### [WHAT IS NEEDED]
Take the lines below from the one with "Go to the IP" through the one with "How do you get" and retype them exactly. Include nothing else, and no pictures.

### [DATA TO USE]

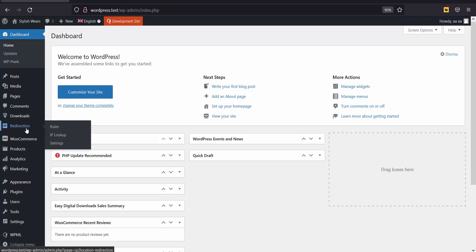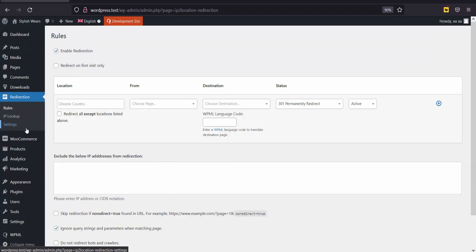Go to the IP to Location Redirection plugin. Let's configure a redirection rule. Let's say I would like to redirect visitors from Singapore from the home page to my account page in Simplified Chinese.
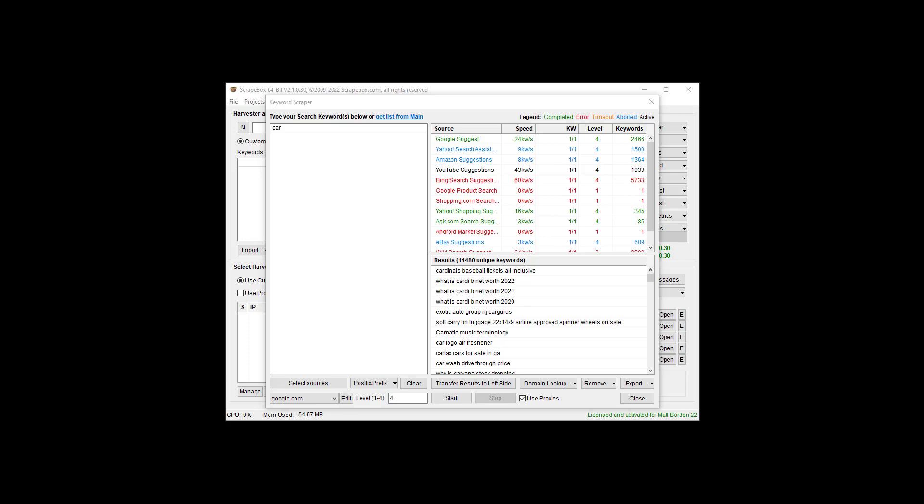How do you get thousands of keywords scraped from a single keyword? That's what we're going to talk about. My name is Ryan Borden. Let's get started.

--

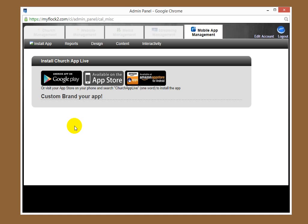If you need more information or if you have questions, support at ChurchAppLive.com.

### [ANSWER TO THIS EXERCISE]
Go to the IP to Location Redirection plugin. Let's configure a redirection rule. Let's say I would like to redirect visitors from Singapore from the home page to my account page in Simplified Chinese.
How do you get thousands of keywords scraped from a single keyword? That's what we're going to talk about. My name is Ryan Borden. Let's get started.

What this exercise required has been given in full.